Supplied material:
####

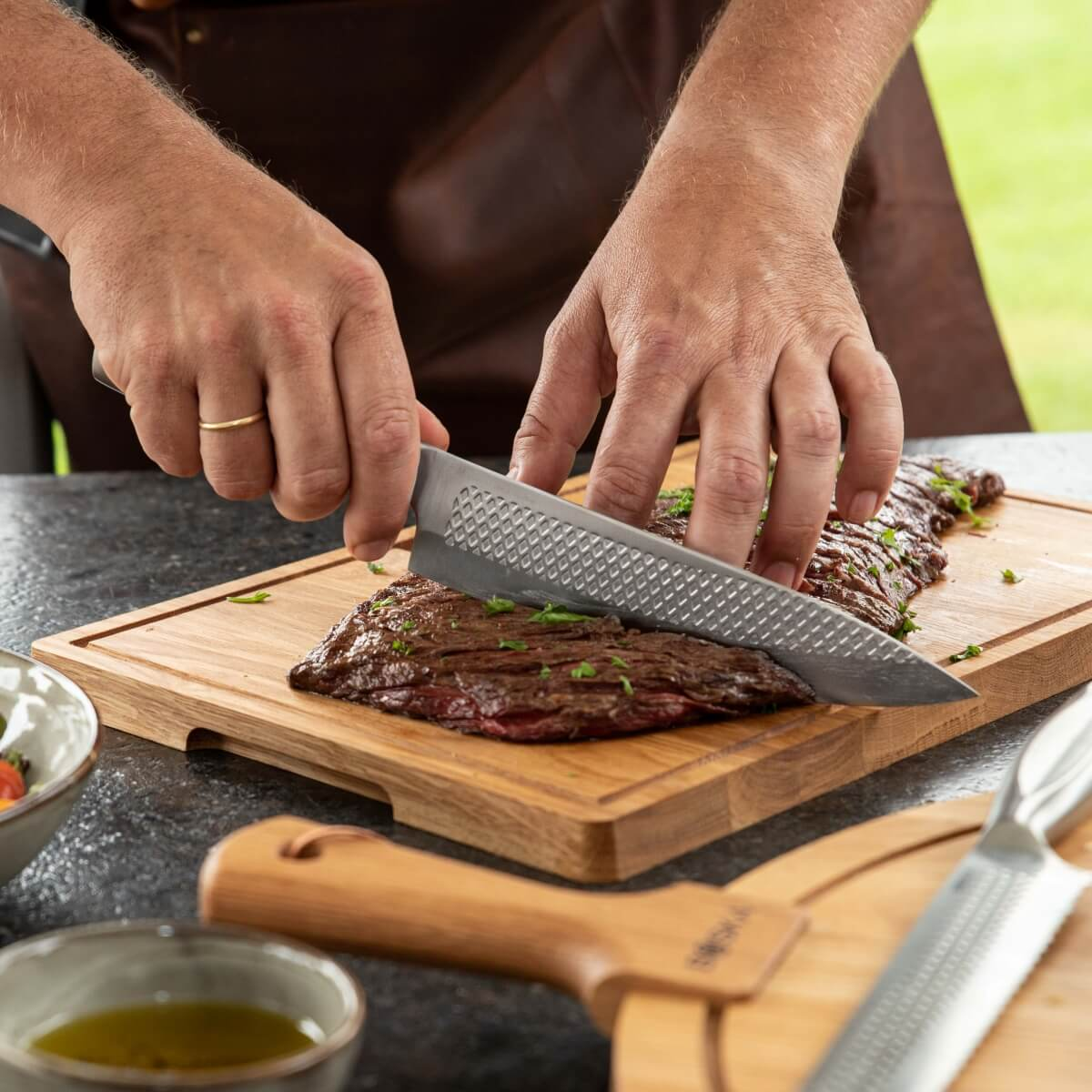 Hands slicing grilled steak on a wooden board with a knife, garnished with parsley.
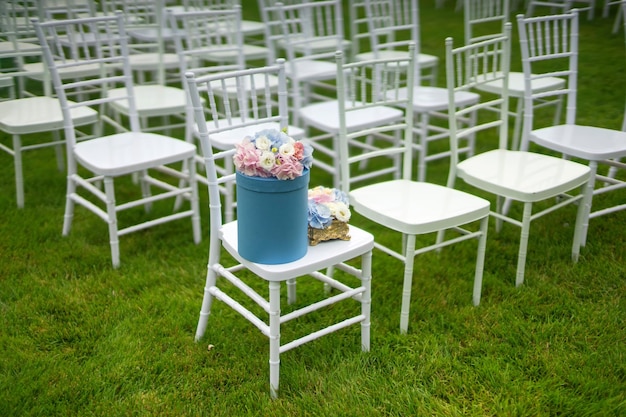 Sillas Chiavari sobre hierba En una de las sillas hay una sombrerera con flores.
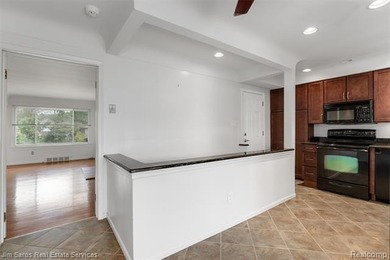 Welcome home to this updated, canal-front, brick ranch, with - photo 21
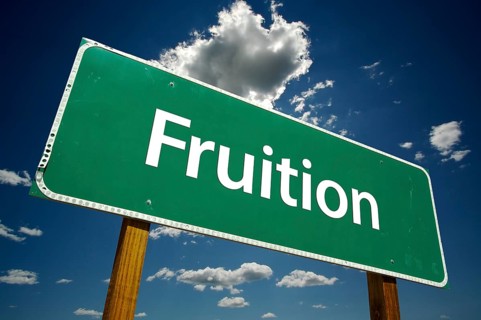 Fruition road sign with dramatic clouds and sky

####

Brief:
Find the line with "Welcome home to" in the listing above, then write it out along with every later line through the last one, exactly, omitting pictures.

Task result:
 Welcome home to this updated, canal-front, brick ranch, with - photo 21
 Fruition road sign with dramatic clouds and sky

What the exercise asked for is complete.